How can you use time management strategies to make sure you are doing your most important and valuable work and not just think of time management as a mechanical scheduling process?

The solution might be in the 3 time management strategies we're sharing below.

Peter Drucker's 3-Step Process For Time Management

Peter Drucker (1909-2005) was an Austrian-American consultant who was widely known for his management ideas. He suggested a 3 step approach to time management for knowledge workers & busy executives in his book, The Effective Executive.

Here's the exercise suggested by Peter Drucker that you can use to increase the effectiveness of your time

Step 1: Record what you do with your time

It’s important to know exactly what you’re doing with your time not from a high level, recalling from memory, but by actually keeping a record.

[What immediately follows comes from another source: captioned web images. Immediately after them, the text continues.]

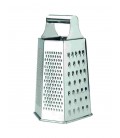 Lacor 6-sided stainless grater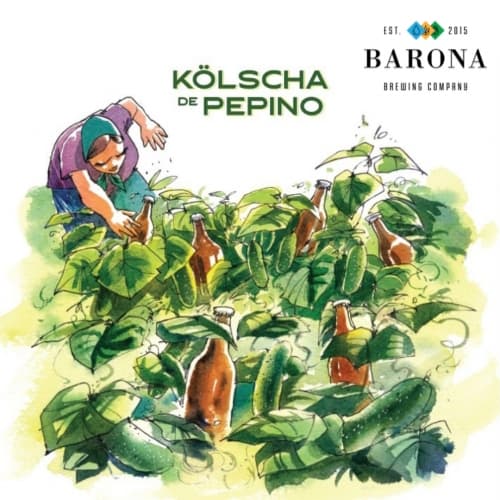 Kölscha De Pepino - Cucumber Kolsch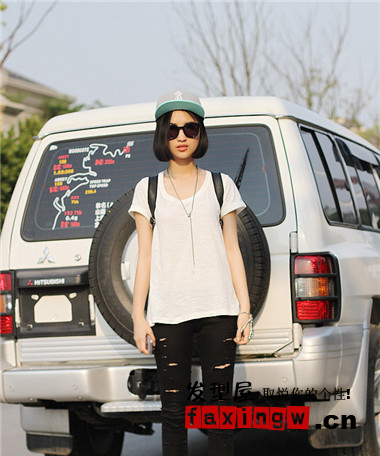 2013<em>个性</em>人气<em>波波头发型</em>图片 潮流女生<em>短发</em>--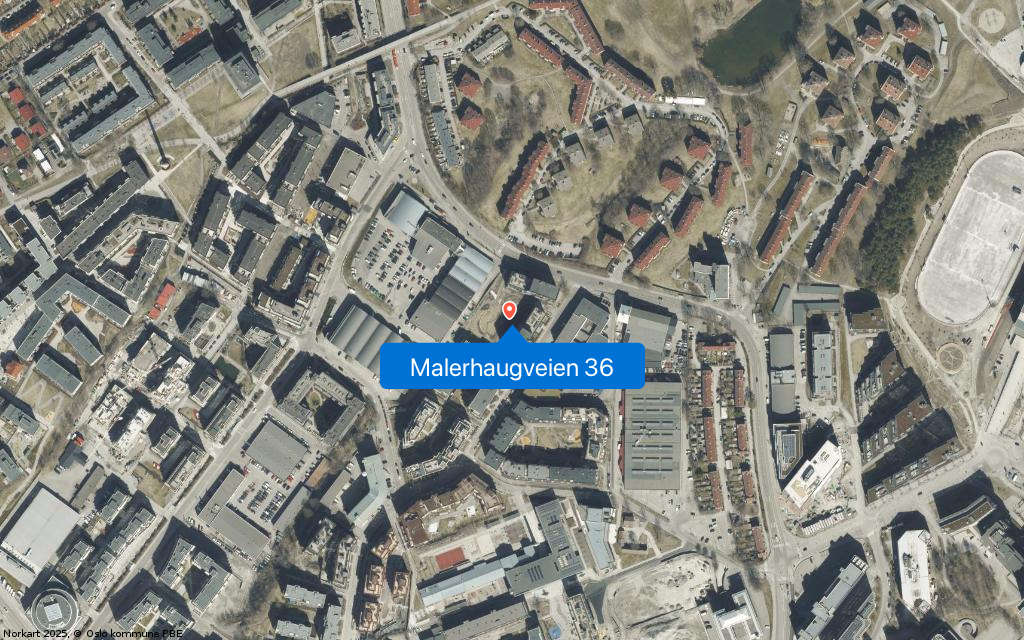 Malerhaugveien 36
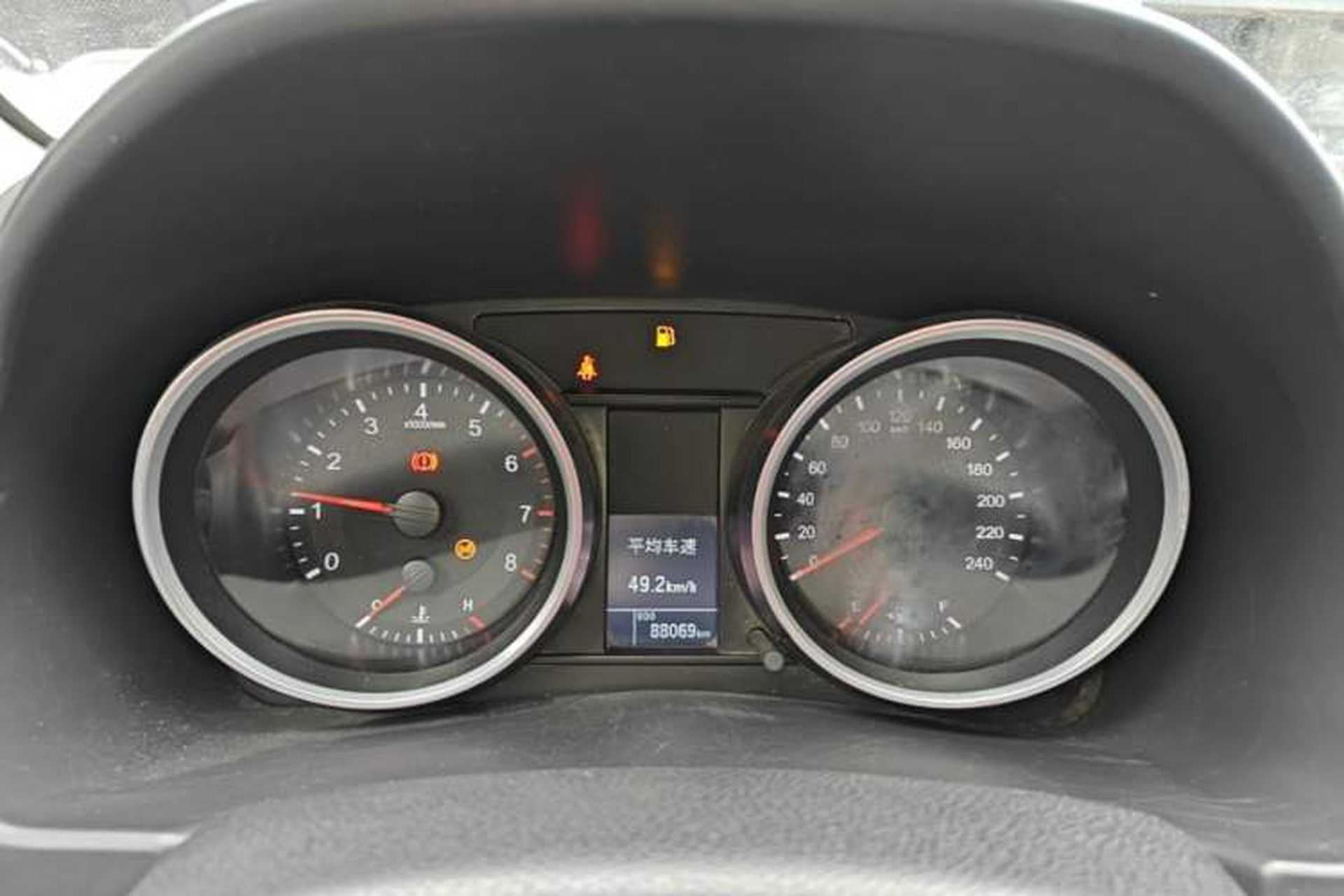 Used Haval H6 2017 Red-Label Sport Edition 1.5T Manual Two-Wheel Drive Elite Model Instrument Cluster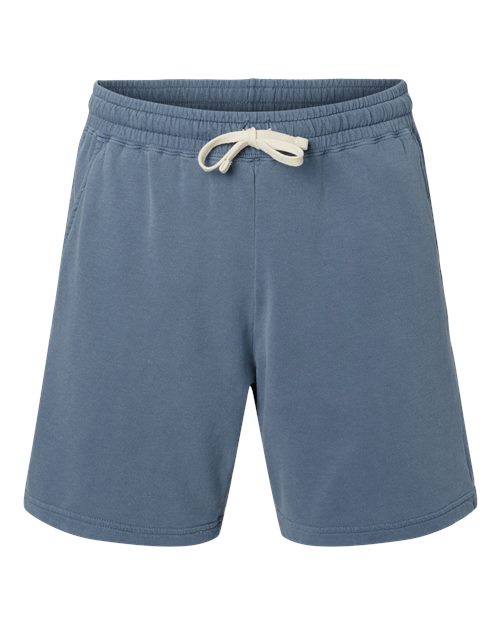 Unisex Garment-Dyed Lightweight Sweat Shorts – Front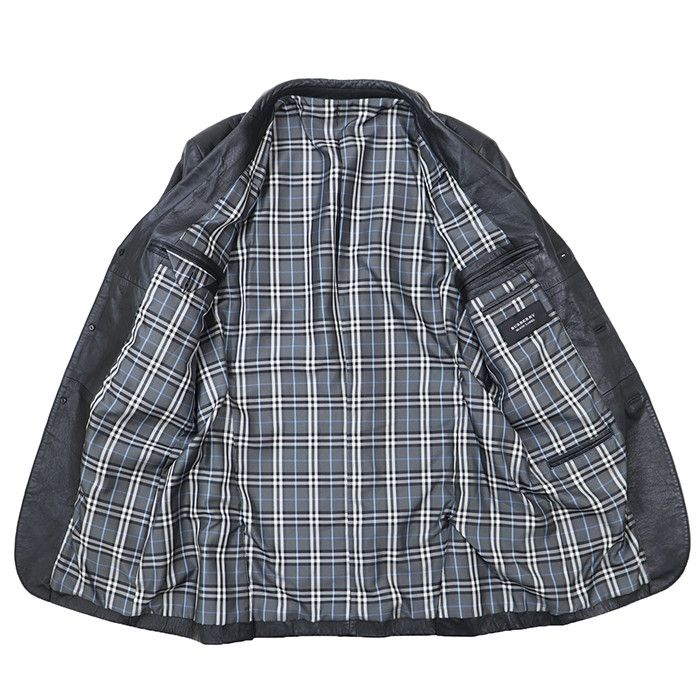 Burberry Burberry Burberry Black Label Goat Leather Jacket Leather Outerwear DUTY FREE for USA Size ONE SIZE - 5 Thumbnail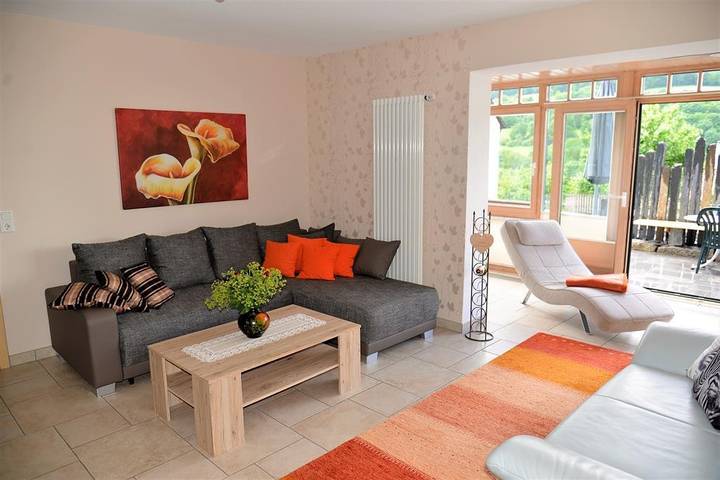 Ferienwohnung für 2 Personen, mit Terrasse und Garten in Hilders - 4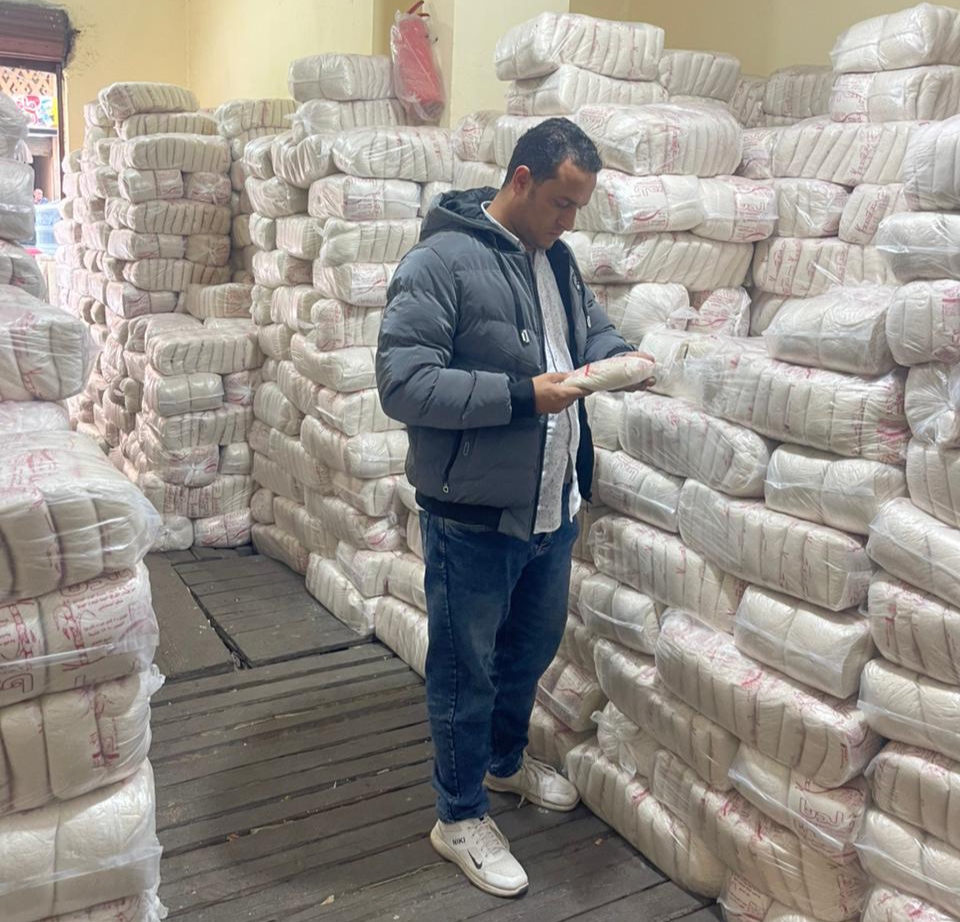 تموين البحيرة .. ضبط 2708 مخالفة تموينية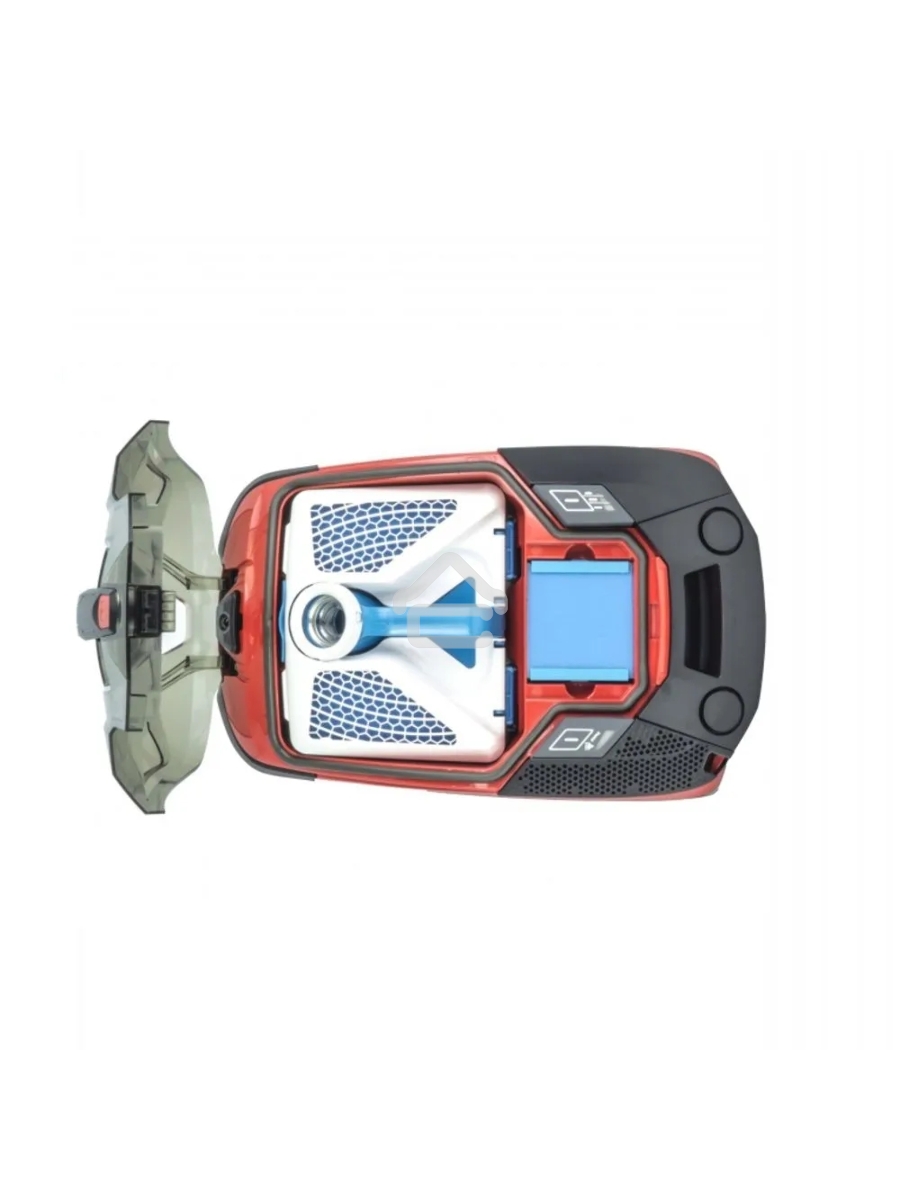 Пылесос моющий Thomas WAVE XT AQUA-BOX красный/черный, 320/1600 Вт, уборка влажная/сухая, пылесборник аквафильтр, 2.6 л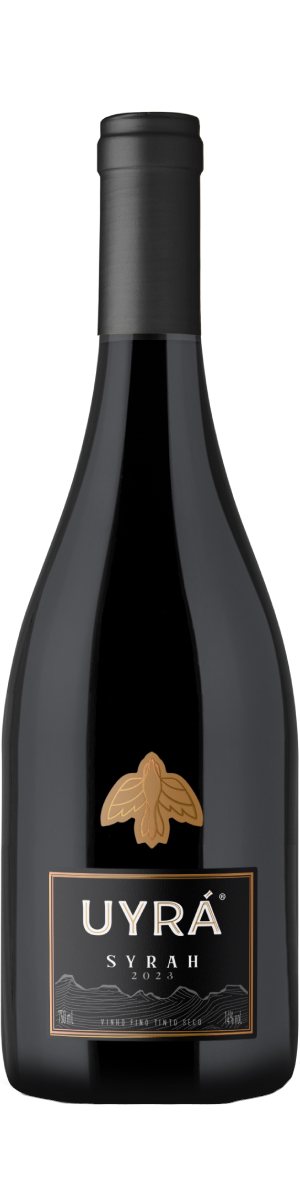 Rótulo Uyrá Syrah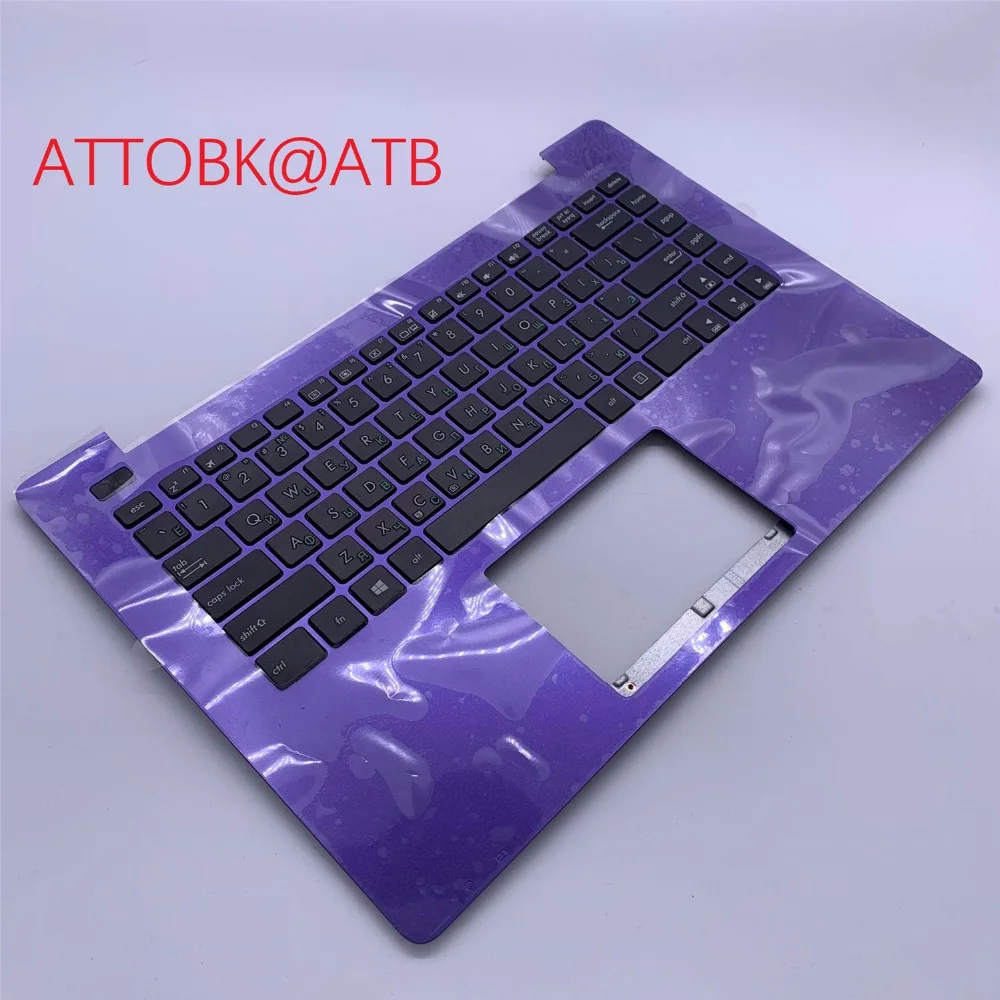 Новая русская клавиатура для ноутбука ASUS X453 X453M X453SA X403 X403M X403MA RU клавиатура с крышкой C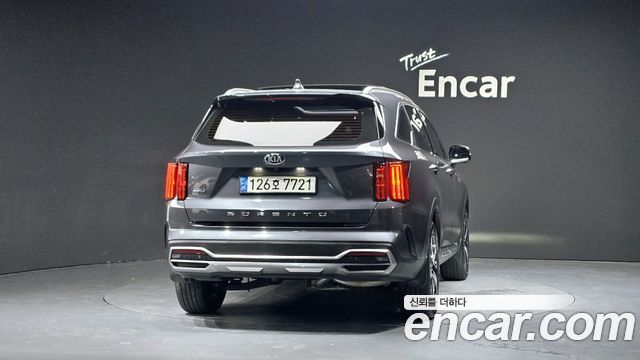 Kia Sorento из Кореи Encar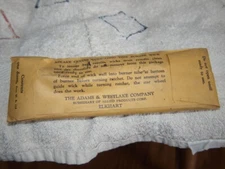 Package of 12 Adlake Center Core Long Time Burner Oil Lantern Wicks NOS!!!!!!!!!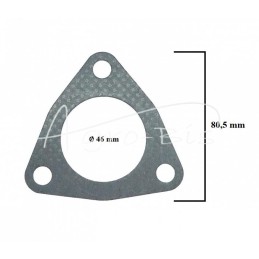 10 vnt - MF plieninė duslintuvo alkūnės tarpinė - 827877M1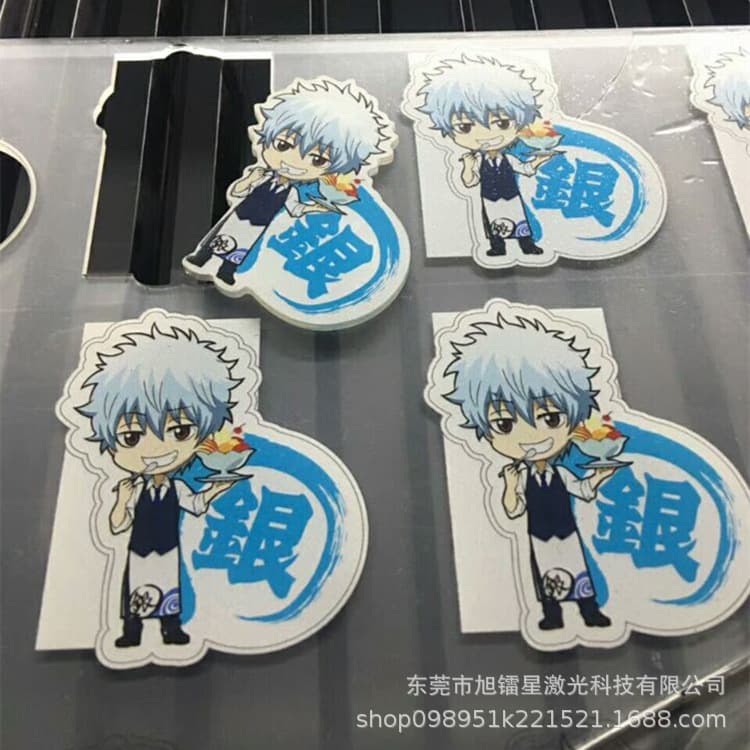 Engraving Acrylic Two-Color Board Organic Glass Thick Wood Board Wood Carving Laser Cutting Engraving Service
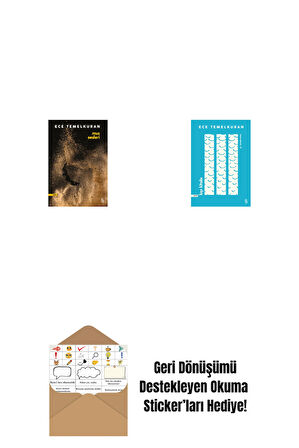 Muz Sesleri + Kıyı Kitabı + Okuma Sticker'ları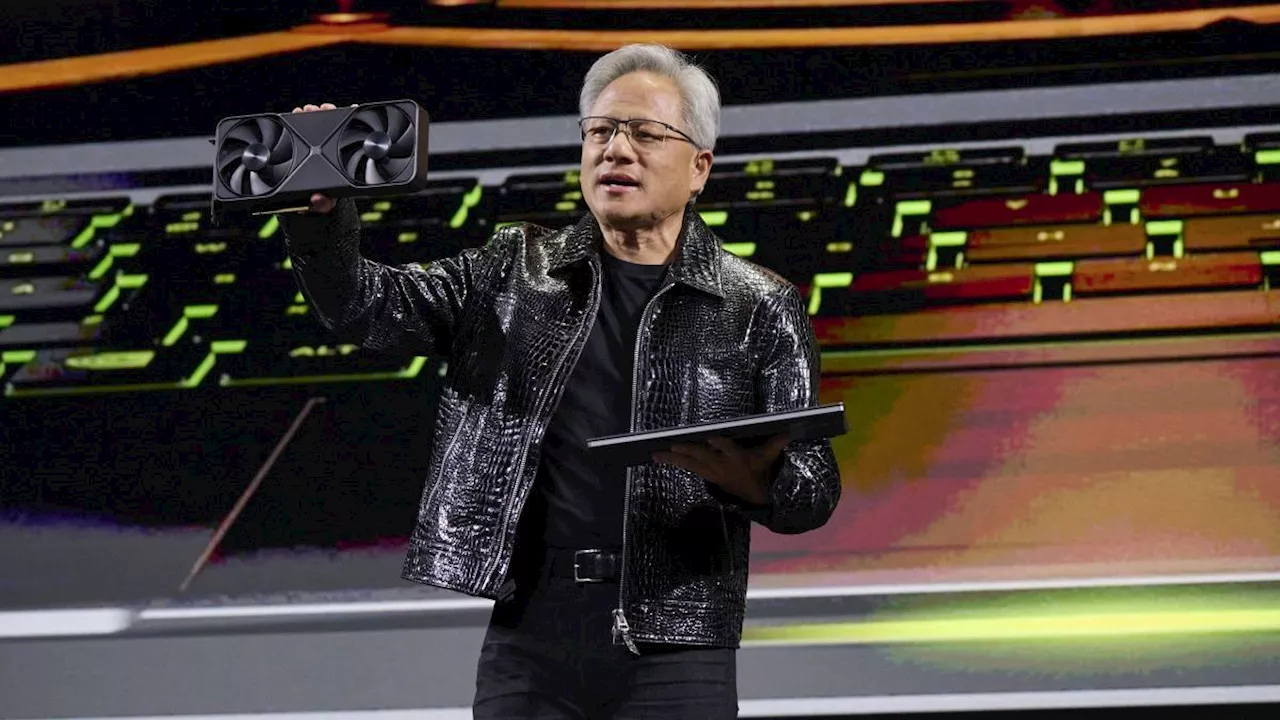 Nvidia Unveils New AI-Powered Chips and Services at CES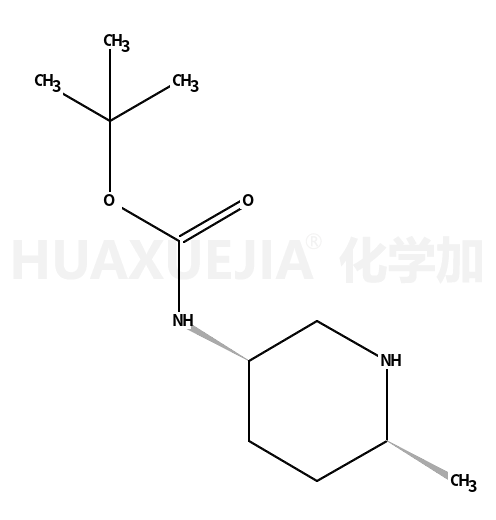 N-[（3R，6S）-6-甲基哌啶-3-基]氨基甲酸叔丁酯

Without data, we are poor at estimating how much time has passed and tend to unknowingly exaggerate the number of hours we work or assume we’re wasting more time than we really do.

The simplest way is to use an app like Sunsama where you keep your task list and start a timer whenever you pick up the task. To improve your time estimation, you can put how much time you plan to give to a particular task under 'Planned' and at the end compare Actual and Planned time.

Sunsama tips: Account for underestimation by adding 20% to how long you think it will take you to something. Break down a big task into sub-tasks, so it's easy to estimate & keep track of progress.

Step 2: Weed out time-wasters

Sunsama gives you a consolidated dashboard of where you spent your time. You can configure it to show at the end of every day or revisit it during your weekly planning.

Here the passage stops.